# LONDON: 1 Day/Night



## Jones (Mar 12, 2008)

Hello, 
I will be passing through London for one day and night this coming Thursday. In brief, I am a New Yorker, 30 yrs old, and fancy myself to be fairly knowledgeable on food and drink (and of course, sartorialism). The closest thing NY has to a true "gastro pub" is April Bloomfield's Spotted Pig. It is cozy, past the point of trendy, yet still extremely well-healed, I can eat and drink, and always end up staying longer than anticipated. I have no interest in haute cuisine, and am looking for equal parts culinary bliss and what I described above. I will be dining alone. Any recommendations are appreciated.
~ jones
ps: a recommendation or two for well-respected cocktails would also be appreciated.

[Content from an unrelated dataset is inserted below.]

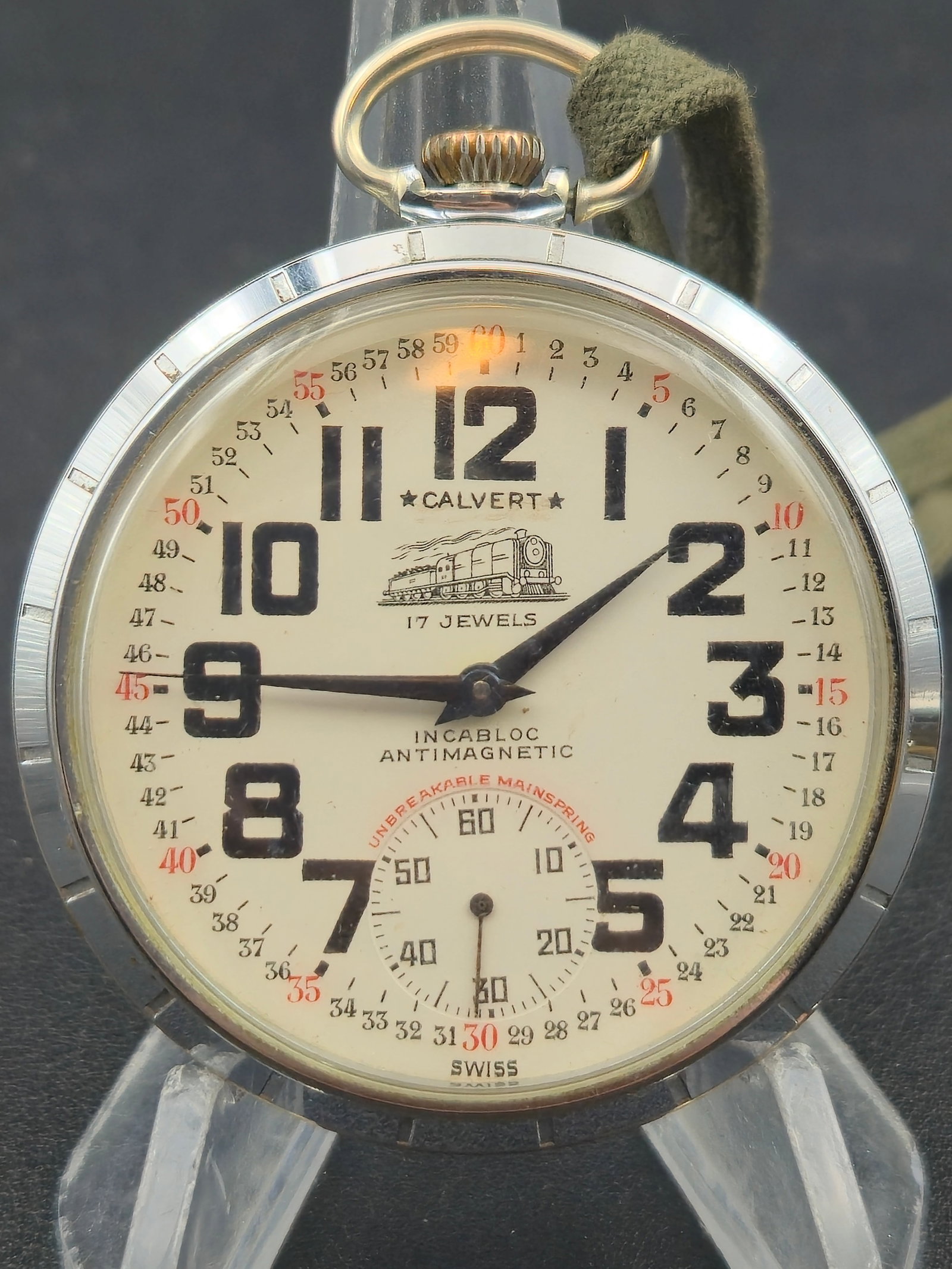 1950s Calvert 50mm Montgomery Dial Pocket Watch 17J Swiss Montilier Runs: vintage 1950s Calvert Swiss pocket watch featuring a bold Montgomery-style dial with full-minute track numbering and large Arabic numerals. Powered by a 17-jewel Montilier Watch Co. movement, this exa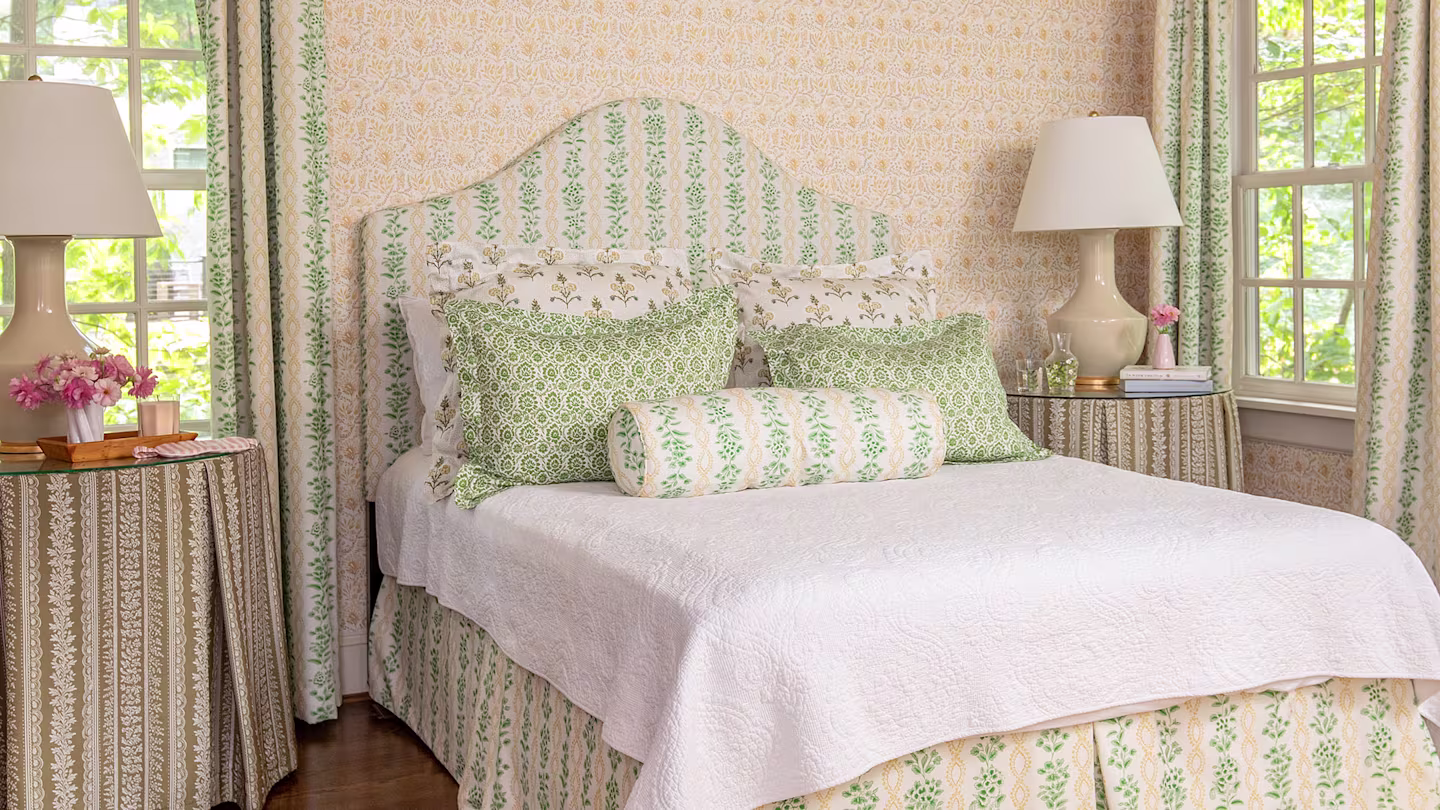 Green and pink bedroom with white bedding and green pillows.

If I hear the bar at the Claridge's Hotel one more time . . .


----------



## going grey (May 22, 2006)

Try,,,The Admiral Codrington in Chelsea...very central

or The Eagle 159 Farringdon Rd..bit further out but still within the bounds of civilization

Why don't you go to the Wolsley on Piccadilly definitely not a pub .. glitzy and exciting but Pub food basically

( go to the Dorchester for cocktails but avoid the Savoy)


----------